>>>

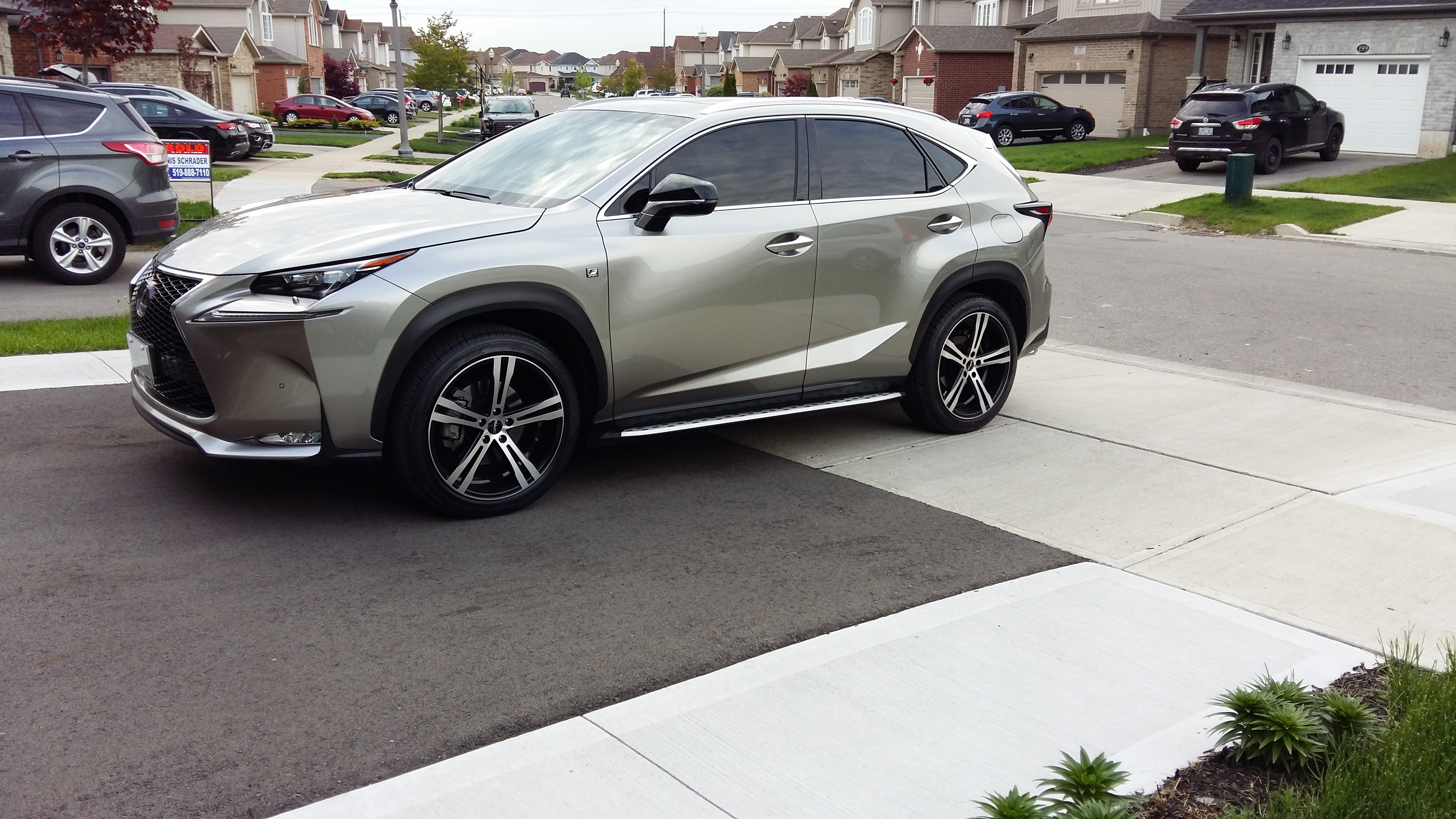 2016 Lexus NX 300h photo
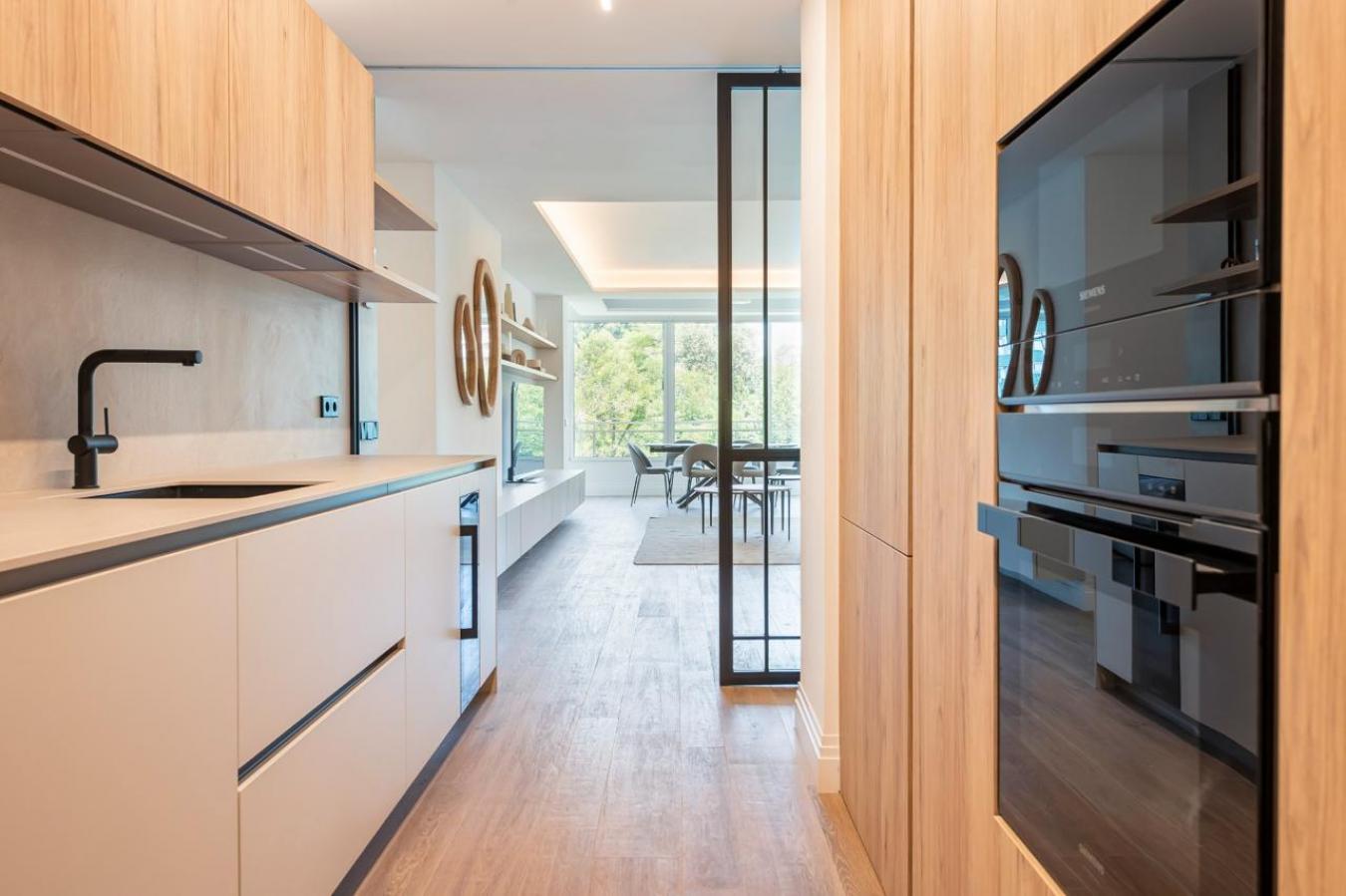 Jerónimos, Jerónimos, 28014, Spain, 3 Bedrooms Bedrooms, ,2 BathroomsBathrooms,Residential,For Sale,1973456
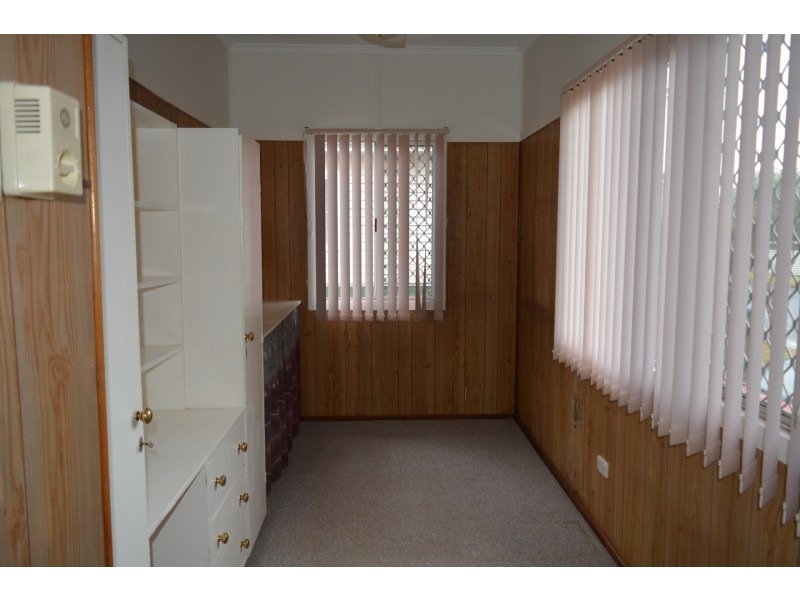 15 Blackdown Street, Harristown QLD 4350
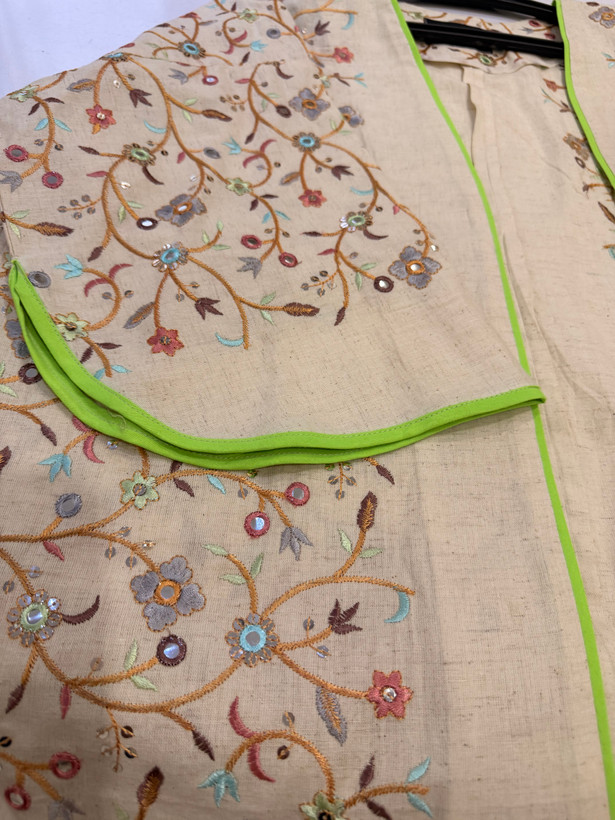 کت مجلسی لینن سوزن دوزی گلدار کرم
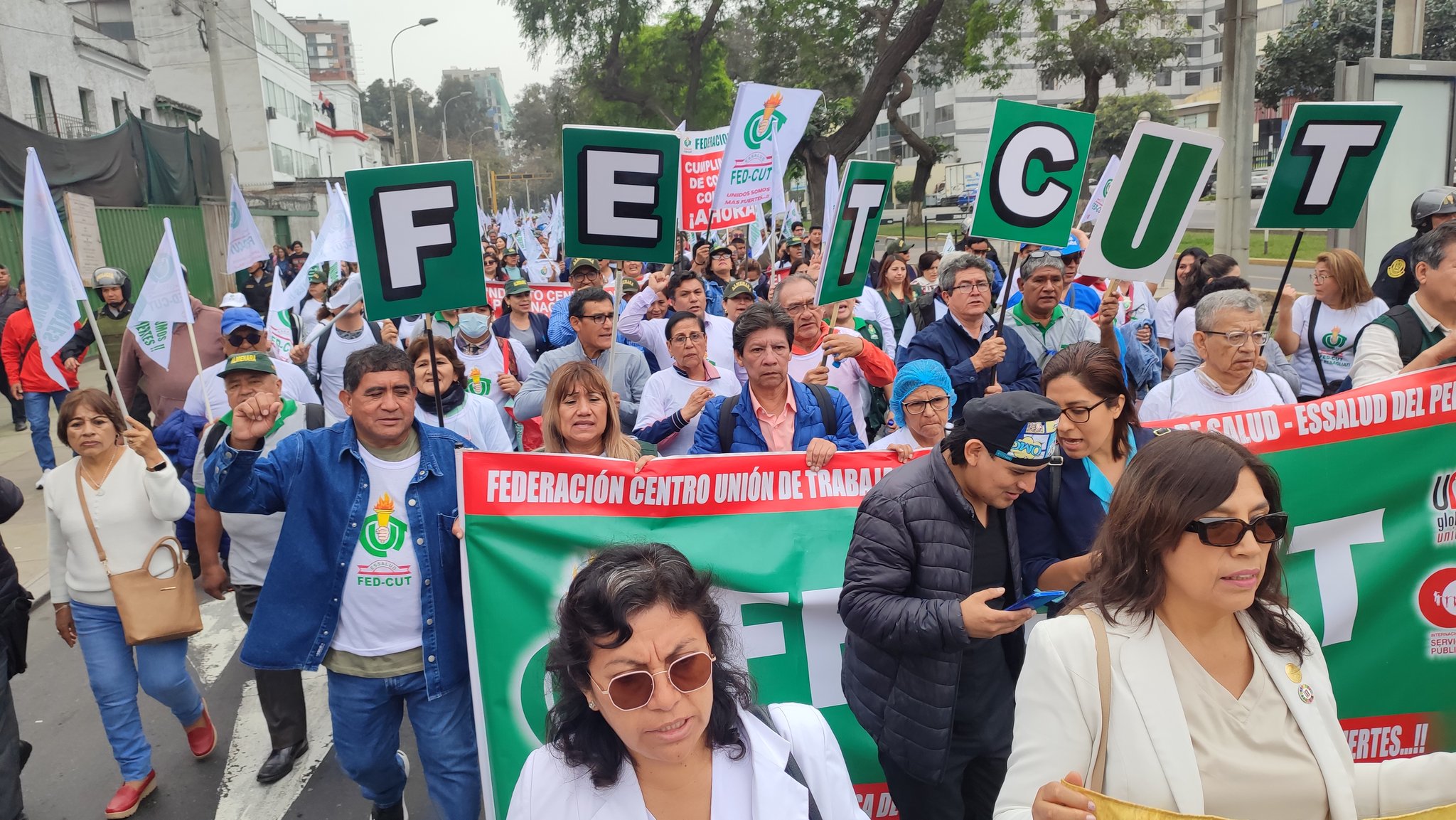 Les travailleurs de la sécurité sociale et de la santé poursuivent leur grève au Pérou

<<<

* _Description of the task_
Exactly as written, restate the listing above with its pictures omitted.

* _Answer section_
 2016 Lexus NX 300h photo
 Jerónimos, Jerónimos, 28014, Spain, 3 Bedrooms Bedrooms, ,2 BathroomsBathrooms,Residential,For Sale,1973456
 15 Blackdown Street, Harristown QLD 4350
 کت مجلسی لینن سوزن دوزی گلدار کرم
 Les travailleurs de la sécurité sociale et de la santé poursuivent leur grève au Pérou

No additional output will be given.